There is actually no specific duty of a trustee to ensure the safety of a beneficiary residing in the property. However, despite this, it is best practice and sensible to act as though a landlord and tenant relationship exists to minimise any potential health and safety risks. It would therefore be important to consider the standards that are exercised commonly by landlords to ensure that the property is maintained to a good standard and that the beneficiary’s safety is a paramount concern.
What to Consider When Looking After Property in a Trust
- Gas and electrical safety
A trustee should implement legislation relating to landlords. This means that there is an obligation to maintain any fittings, pipework and flues, and to ensure that an annual gas safety check is carried out by a registered Gas Safe Registered engineer.
In comparison to gas safety, there is very little by the way of electrical safety guidance. However, we would recommend to lean on the side of caution and ensure that PAT tests are completed annually and EICRs are completed at least every 5 years.
- Smoke and carbon monoxide alarms
Government regulations were introduced in 2015 and require landlords to install at least one smoke alarm on every storey of the property and a Carbon monoxide (CO) alarm in any room containing a solid fuel-burning appliance. As a trustee, it’s advisable that you follow these same regulations and ensure that a smoke alarm is on every floor and a CO alarm is placed in any room containing fuel-burning appliances, e.g. the boiler room / boiler cupboard. A “room’’ includes the hall, landing and bathrooms.
- Fire safety
If any furniture is supplied by the trustee, this should meet fire retardant standards and have a label attached confirming that it meets the required fire safety test. If furniture does not meet this standard, it must be removed.
In terms of the property itself, it is advised to carry out a fire risk assessment annually. The individual beneficiary will have responsibility for ensuring that a fire risk assessment is organised and that steps are taken to minimise the risk of fire. For a trustee, it is wise they keep an eye on the property and the assessments to help minimise the risk of fire.
- Repair and maintenance
The trustee would be responsible for maintaining the property in the Trust. This will involve maintaining the structure and exterior and the fixtures and fittings including pipes, wiring and appliances.
The beneficiary should report any issues directly to the trustee for the trustee to then be liable for lack of repair. Trustees should ensure that they communicate with the beneficiary regularly in relation to the state of repair of the property. Trustees cannot ignore defects as this could lead to injury and ultimately a negligence claim.

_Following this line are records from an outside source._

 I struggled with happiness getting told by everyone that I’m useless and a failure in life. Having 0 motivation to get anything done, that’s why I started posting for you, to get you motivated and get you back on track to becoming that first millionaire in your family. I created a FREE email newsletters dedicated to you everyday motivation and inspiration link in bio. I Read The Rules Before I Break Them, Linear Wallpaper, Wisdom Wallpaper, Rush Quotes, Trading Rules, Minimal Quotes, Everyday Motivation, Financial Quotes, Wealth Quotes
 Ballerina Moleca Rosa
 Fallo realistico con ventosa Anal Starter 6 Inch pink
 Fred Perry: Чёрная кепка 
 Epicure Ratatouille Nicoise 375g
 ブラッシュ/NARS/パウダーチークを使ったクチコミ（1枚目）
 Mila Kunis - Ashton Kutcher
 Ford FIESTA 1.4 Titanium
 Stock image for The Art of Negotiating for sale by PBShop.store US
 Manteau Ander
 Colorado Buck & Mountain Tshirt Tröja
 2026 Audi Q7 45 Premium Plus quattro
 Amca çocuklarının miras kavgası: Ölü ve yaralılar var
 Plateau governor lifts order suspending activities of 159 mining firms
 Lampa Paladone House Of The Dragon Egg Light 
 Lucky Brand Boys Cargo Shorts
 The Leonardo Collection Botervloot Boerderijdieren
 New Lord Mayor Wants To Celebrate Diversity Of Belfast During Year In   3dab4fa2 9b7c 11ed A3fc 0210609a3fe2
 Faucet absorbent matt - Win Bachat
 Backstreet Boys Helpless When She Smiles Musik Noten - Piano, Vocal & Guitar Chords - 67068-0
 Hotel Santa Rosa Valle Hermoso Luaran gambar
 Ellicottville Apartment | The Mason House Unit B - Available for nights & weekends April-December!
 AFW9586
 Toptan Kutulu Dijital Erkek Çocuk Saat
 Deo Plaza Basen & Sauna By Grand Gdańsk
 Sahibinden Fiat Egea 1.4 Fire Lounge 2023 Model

It is important that a trustee obtains the appropriate insurance for the property. Either the trustee or beneficiary can arrange cover for the property or the Trust document may refer to whose responsibility it is. However, it is not uncommon for the Trust document to be completely silent on the matter. Overall, it is important that the whole property is insured and generally the property should be insured in the trustee’s name.
- General advice
Trustees generally should err on the side of caution when considering the safety and wellbeing of the beneficiary living in the property. Trustees should ensure that the appropriate safety checks are carried out and that a good channel of communication is maintained with the beneficiary, this will minimise the risk of any liability on behalf of the trustee and ensure risks are kept to a minimum.